*** Opening Exercise data ***
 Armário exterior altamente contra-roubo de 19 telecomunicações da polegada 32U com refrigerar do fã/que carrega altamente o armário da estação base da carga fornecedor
*** Closing Exercise data ***
*** Opening Exercise data ***
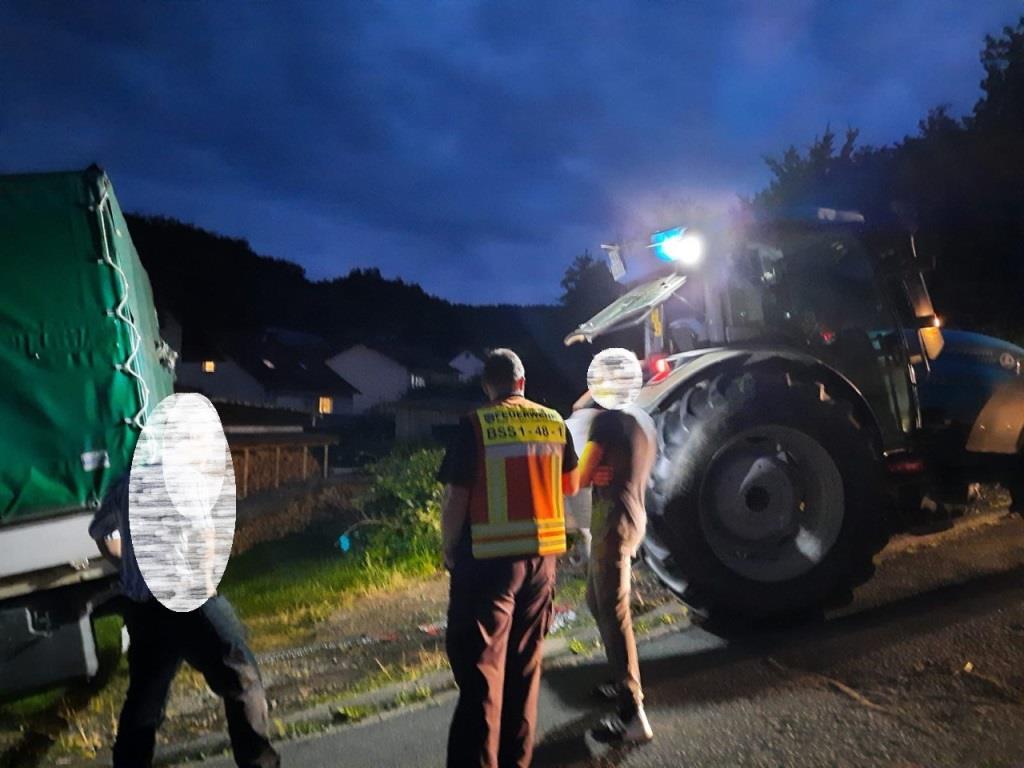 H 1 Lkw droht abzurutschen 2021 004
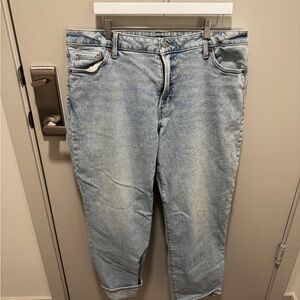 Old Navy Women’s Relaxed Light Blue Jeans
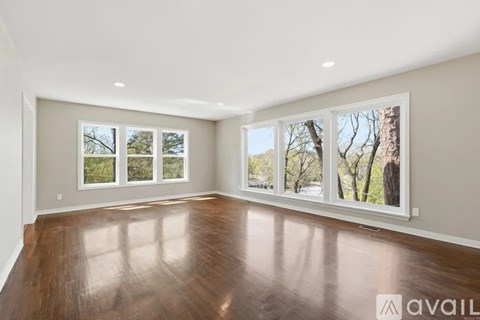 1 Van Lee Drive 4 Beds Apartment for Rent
*** Closing Exercise data ***
§ Task statement
Each line above from the one containing "H 1 Lkw droht abzurutschen 2021 004" through the one containing "1 Van Lee Drive 4 Beds Apartment for Rent" is to be returned verbatim. Nothing else, and no pictures.

§ Output for this task
 H 1 Lkw droht abzurutschen 2021 004
 Old Navy Women’s Relaxed Light Blue Jeans
 1 Van Lee Drive 4 Beds Apartment for Rent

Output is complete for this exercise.